AIM OF THE EXERCISE: Among the records below, find the line that has "Переднее правое сидение Mazda CX-5 KE"; from there, give the lines again exactly, and stop after the line that has "Paar Louis XVI".

Recorded data
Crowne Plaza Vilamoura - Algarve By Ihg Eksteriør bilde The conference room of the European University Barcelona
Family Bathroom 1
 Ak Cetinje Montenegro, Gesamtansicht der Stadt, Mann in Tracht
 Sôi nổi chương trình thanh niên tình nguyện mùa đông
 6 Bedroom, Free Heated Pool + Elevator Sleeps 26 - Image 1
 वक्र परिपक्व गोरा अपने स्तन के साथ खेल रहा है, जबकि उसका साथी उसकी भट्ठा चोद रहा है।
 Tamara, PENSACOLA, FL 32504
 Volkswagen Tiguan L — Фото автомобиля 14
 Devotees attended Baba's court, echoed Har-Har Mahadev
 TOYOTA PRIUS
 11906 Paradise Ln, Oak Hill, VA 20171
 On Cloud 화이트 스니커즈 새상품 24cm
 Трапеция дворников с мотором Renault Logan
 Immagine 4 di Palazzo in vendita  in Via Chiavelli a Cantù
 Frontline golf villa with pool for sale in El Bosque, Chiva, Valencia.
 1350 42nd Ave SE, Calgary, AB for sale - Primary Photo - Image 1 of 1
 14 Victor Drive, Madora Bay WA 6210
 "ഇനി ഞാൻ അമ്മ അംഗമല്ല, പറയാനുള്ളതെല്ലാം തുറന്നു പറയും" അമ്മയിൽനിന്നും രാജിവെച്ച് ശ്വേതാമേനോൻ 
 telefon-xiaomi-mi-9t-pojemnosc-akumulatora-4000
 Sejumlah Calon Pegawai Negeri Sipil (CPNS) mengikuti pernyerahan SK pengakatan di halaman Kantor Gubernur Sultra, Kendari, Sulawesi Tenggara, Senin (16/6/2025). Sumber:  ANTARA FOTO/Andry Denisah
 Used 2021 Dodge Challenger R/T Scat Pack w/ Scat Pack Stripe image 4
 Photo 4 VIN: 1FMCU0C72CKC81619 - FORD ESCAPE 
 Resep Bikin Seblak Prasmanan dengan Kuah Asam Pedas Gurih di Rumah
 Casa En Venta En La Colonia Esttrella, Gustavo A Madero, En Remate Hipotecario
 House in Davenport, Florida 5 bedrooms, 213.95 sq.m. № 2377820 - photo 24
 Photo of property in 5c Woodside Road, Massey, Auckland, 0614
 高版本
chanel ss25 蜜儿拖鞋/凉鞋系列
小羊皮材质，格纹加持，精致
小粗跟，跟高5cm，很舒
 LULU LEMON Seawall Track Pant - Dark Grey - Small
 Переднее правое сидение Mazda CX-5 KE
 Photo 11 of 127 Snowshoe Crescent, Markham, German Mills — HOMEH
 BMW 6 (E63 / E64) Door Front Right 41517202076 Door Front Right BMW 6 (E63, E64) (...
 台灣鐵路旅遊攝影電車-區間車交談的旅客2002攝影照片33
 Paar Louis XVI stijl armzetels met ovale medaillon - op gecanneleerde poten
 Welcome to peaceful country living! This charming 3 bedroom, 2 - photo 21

WRITTEN ANSWER:
 Переднее правое сидение Mazda CX-5 KE
 Photo 11 of 127 Snowshoe Crescent, Markham, German Mills — HOMEH
 BMW 6 (E63 / E64) Door Front Right 41517202076 Door Front Right BMW 6 (E63, E64) (...
 台灣鐵路旅遊攝影電車-區間車交談的旅客2002攝影照片33
 Paar Louis XVI stijl armzetels met ovale medaillon - op gecanneleerde poten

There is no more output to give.